Embedded Federated Feature Selection with Dynamic Sparse Training: Balancing Accuracy-Cost Tradeoffs

Published 7 Apr 2025 in cs.LG | (2504.05245v1)

Abstract: Federated Learning (FL) enables multiple resource-constrained edge devices with varying levels of heterogeneity to collaboratively train a global model. However, devices with limited capacity can create bottlenecks and slow down model convergence. One effective approach to addressing this issue is to use an efficient feature selection method, which reduces overall resource demands by minimizing communication and computation costs, thereby mitigating the impact of struggling nodes. Existing federated feature selection (FFS) methods are either considered as a separate step from FL or rely on a third party. These approaches increase computation and communication overhead, making them impractical for real-world high-dimensional datasets. To address this, we present \textit{Dynamic Sparse Federated Feature Selection} (DSFFS), the first innovative embedded FFS that is efficient in both communication and computation.

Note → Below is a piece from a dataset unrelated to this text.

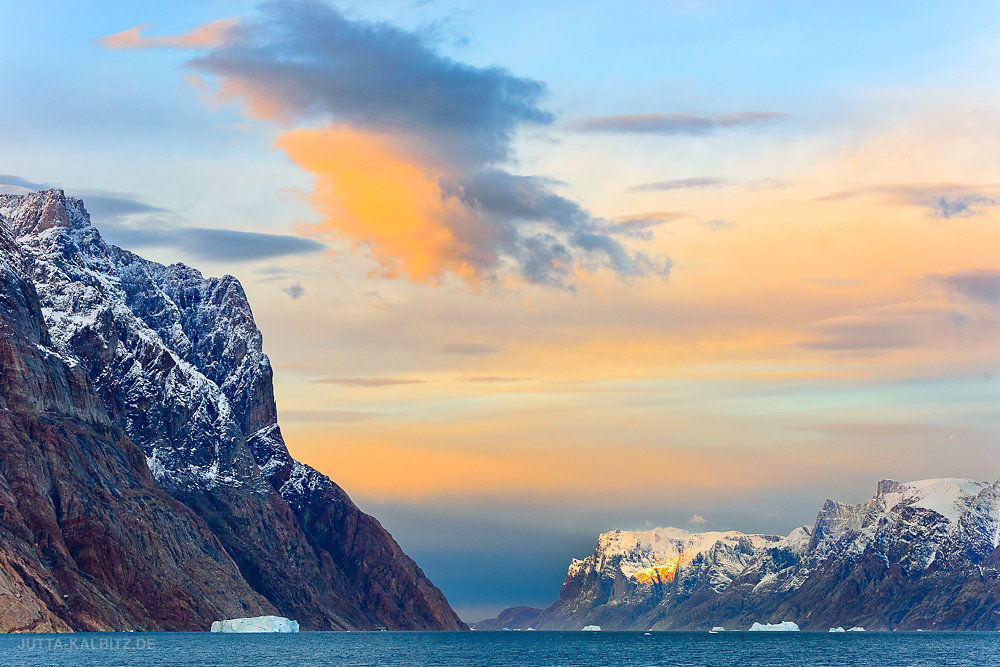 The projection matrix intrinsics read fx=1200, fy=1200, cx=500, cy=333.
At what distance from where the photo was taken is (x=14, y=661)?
637 ft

In the proposed method, feature selection occurs simultaneously with model training. During training, input-layer neurons, their connections, and hidden-layer connections are dynamically pruned and regrown, eliminating uninformative features. This process enhances computational efficiency on devices, improves network communication efficiency, and boosts global model performance. Several experiments are conducted on nine real-world datasets of varying dimensionality from diverse domains, including biology, image, speech, and text. The results under a realistic non-iid data distribution setting show that our approach achieves a better trade-off between accuracy, computation, and communication costs by selecting more informative features compared to other state-of-the-art FFS methods.